=== Assigned task ===
Every line of the material must come back exactly as given.

=== Study material ===
-- Opening Marker --
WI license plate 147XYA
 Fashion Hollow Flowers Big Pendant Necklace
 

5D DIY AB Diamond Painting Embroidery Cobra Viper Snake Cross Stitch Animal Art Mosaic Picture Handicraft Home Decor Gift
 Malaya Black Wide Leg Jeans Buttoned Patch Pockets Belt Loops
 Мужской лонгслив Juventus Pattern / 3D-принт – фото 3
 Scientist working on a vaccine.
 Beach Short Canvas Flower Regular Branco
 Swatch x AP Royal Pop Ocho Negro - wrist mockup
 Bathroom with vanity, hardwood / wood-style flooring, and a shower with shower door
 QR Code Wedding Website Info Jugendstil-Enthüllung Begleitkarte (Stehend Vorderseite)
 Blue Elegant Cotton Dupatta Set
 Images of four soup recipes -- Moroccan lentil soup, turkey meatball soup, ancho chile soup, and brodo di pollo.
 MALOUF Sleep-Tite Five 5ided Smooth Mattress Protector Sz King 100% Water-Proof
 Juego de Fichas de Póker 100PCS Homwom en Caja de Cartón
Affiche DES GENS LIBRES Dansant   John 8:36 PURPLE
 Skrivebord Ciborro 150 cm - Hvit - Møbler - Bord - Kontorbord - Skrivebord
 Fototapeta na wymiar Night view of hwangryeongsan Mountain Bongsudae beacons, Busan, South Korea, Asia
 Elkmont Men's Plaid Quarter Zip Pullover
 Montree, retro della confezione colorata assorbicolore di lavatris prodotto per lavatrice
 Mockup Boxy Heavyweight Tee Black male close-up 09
-- Closing Marker --
=== Finished task ===
WI license plate 147XYA
 Fashion Hollow Flowers Big Pendant Necklace
 

5D DIY AB Diamond Painting Embroidery Cobra Viper Snake Cross Stitch Animal Art Mosaic Picture Handicraft Home Decor Gift
 Malaya Black Wide Leg Jeans Buttoned Patch Pockets Belt Loops
 Мужской лонгслив Juventus Pattern / 3D-принт – фото 3
 Scientist working on a vaccine.
 Beach Short Canvas Flower Regular Branco
 Swatch x AP Royal Pop Ocho Negro - wrist mockup
 Bathroom with vanity, hardwood / wood-style flooring, and a shower with shower door
 QR Code Wedding Website Info Jugendstil-Enthüllung Begleitkarte (Stehend Vorderseite)
 Blue Elegant Cotton Dupatta Set
 Images of four soup recipes -- Moroccan lentil soup, turkey meatball soup, ancho chile soup, and brodo di pollo.
 MALOUF Sleep-Tite Five 5ided Smooth Mattress Protector Sz King 100% Water-Proof
 Juego de Fichas de Póker 100PCS Homwom en Caja de Cartón
Affiche DES GENS LIBRES Dansant   John 8:36 PURPLE
 Skrivebord Ciborro 150 cm - Hvit - Møbler - Bord - Kontorbord - Skrivebord
 Fototapeta na wymiar Night view of hwangryeongsan Mountain Bongsudae beacons, Busan, South Korea, Asia
 Elkmont Men's Plaid Quarter Zip Pullover
 Montree, retro della confezione colorata assorbicolore di lavatris prodotto per lavatrice
 Mockup Boxy Heavyweight Tee Black male close-up 09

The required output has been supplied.